It is now 120 years since a unique character well known to the older inhabitants of Bratislava was born. Ignác Lamár, nicknamed Schӧner Náci, became an unforgettable figure thanks to his outfit and exceptionally good manners. A life-size statue of Lamár, the work of Juraj Meliš, now stands near the Main Square in Bratislava’s old town and is a popular photo point for tourists.
Lamár was born on August 11, 1897, in the Petržalka borough of Bratislava. He was a shoemaker’s son and also learned this trade himself. When his mother left the family and fled with a lover to Vienna, his father started drinking heavily. After his father’s death, all of the family’s possession went to cover outstanding debts. Lamár got a job in theatre workshops but was sacked when the theatre fell into a crisis during World War I.

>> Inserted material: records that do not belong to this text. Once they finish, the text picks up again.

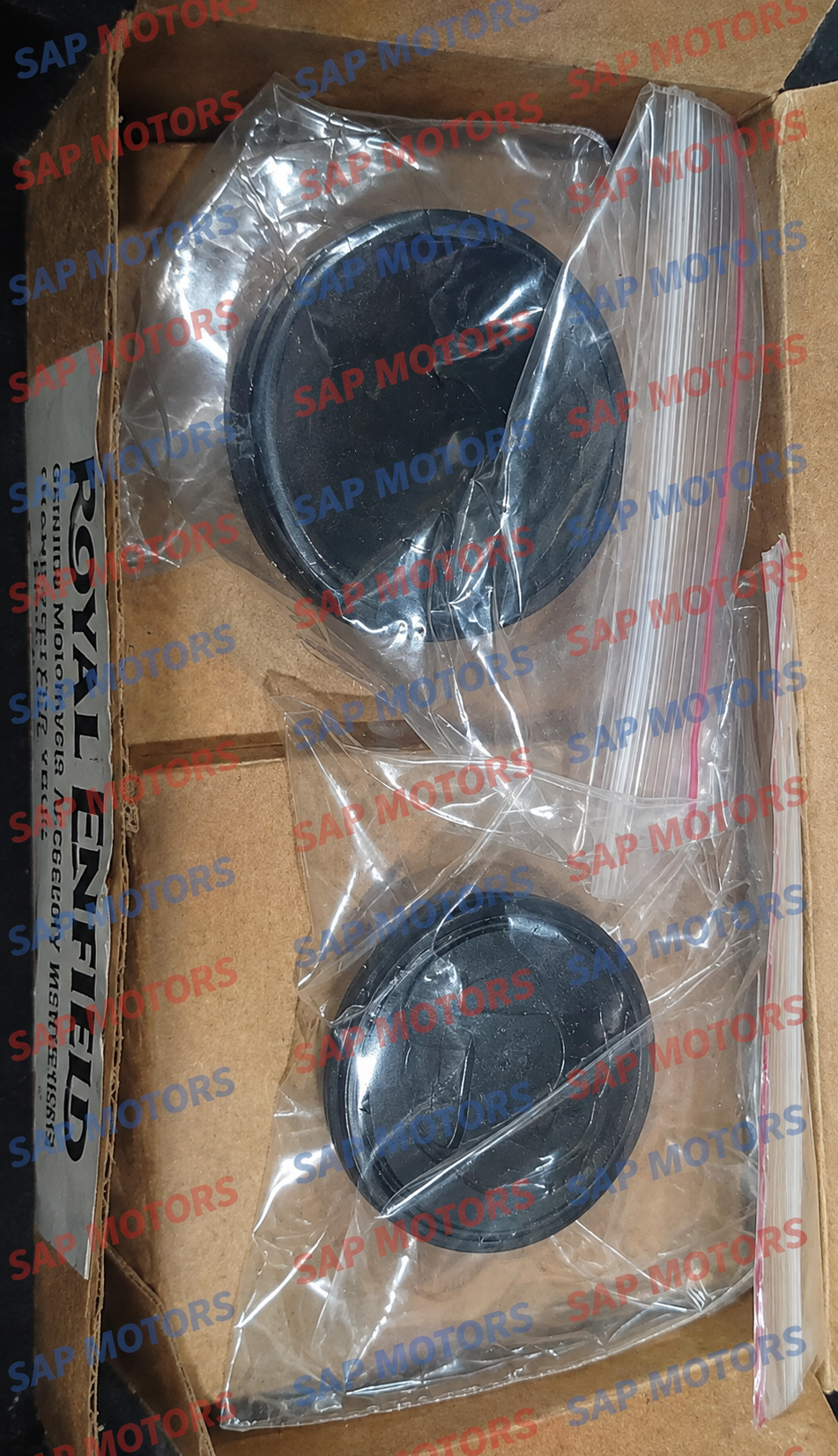Black Oil Filler Cap – Royal Enfield – 1990218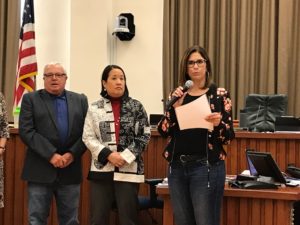 Mayor Rob Schroder, Glenda pacha, amd Michele Colbert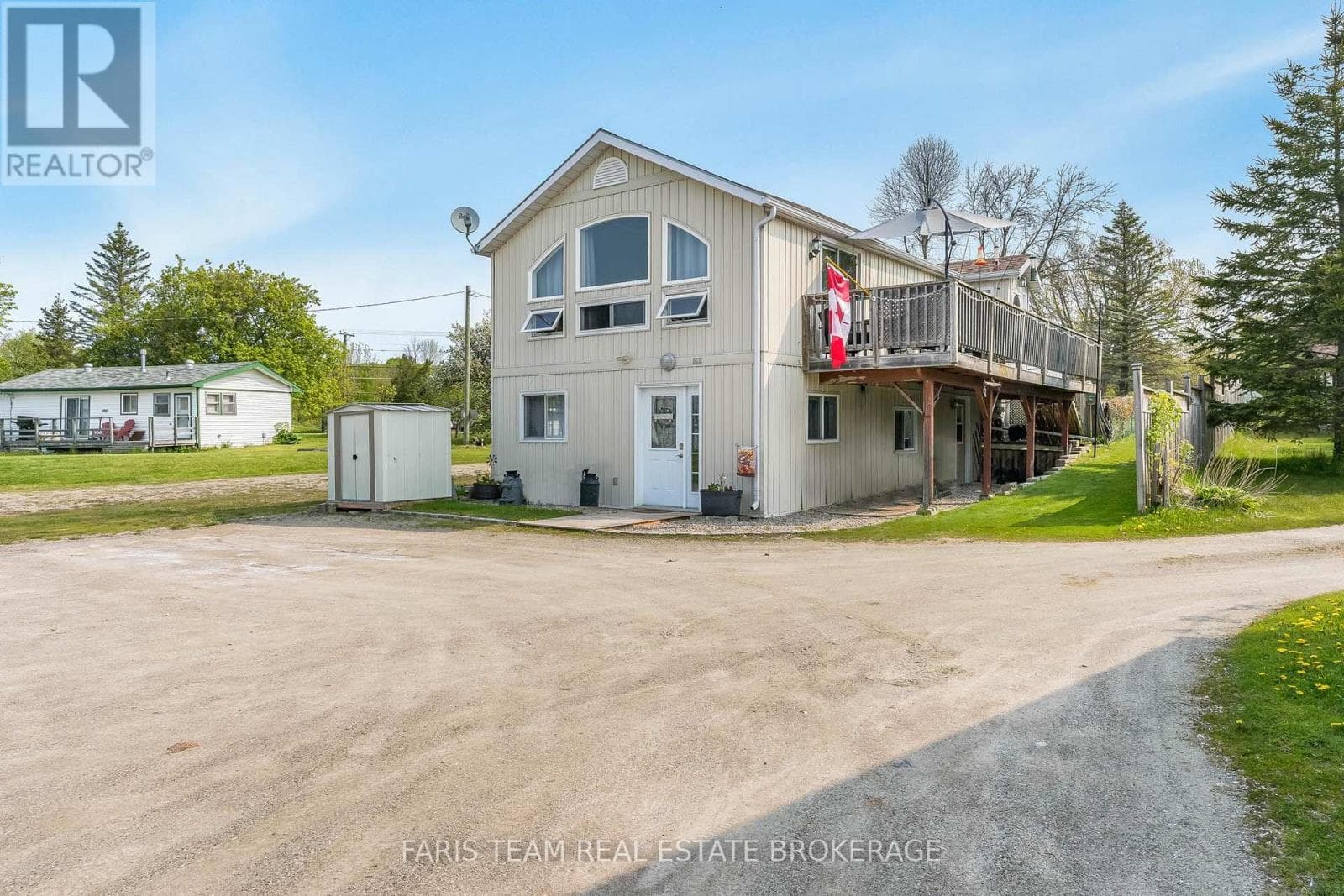 3 bed 2 bath single family at 5632 PENETANGUISHENE ROAD — $798,500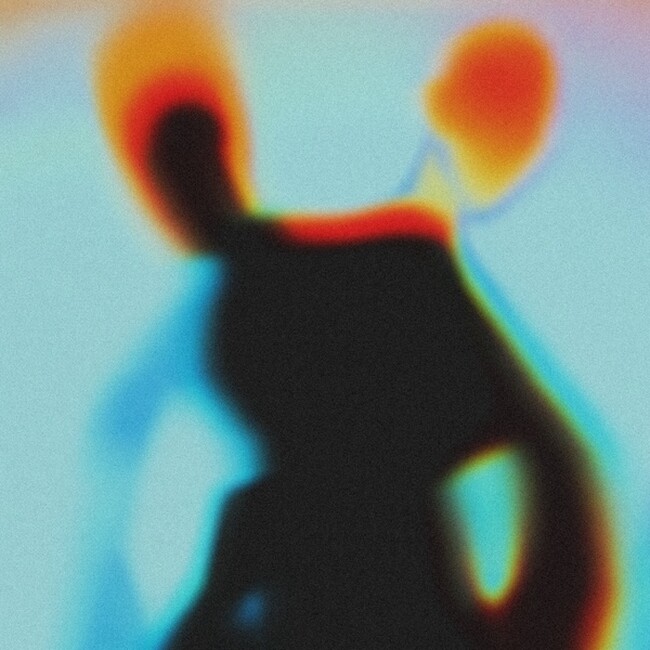 フィンランドのプロデューサーMisha&cocabonaによる共同EP『JOMO』が9月26日にリリース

He started earning money with occasional small services: he cleaned flats and carpets and brought coal from cellars. He lived in various rented rooms and flats, taking with him a black suitcase with a tail-coat, black lacquered shoes, white gloves and a bowler hat which, Countess Náriová donated to his father after her husband’s death. One day, he donned all these garments, fixed his smile in front of a mirror, and took to the streets. He dreamed of being a clown in a circus and came close to achieving his dream.
He became a well-recognised person in the streets of Bratislava. He promenaded from Michalská Street to the Danube River, greeting people, especially women, in the three languages which were commonly spoken in Bratislava – German, Hungarian and Slovak – while also doffing his hat.
He died of tuberculosis at the age of 70 in 1967 in the village of Lehnice. In 2007, his remains were moved from Lehnice to a memorial grave in the Ondrejský cemetery in the Old Town.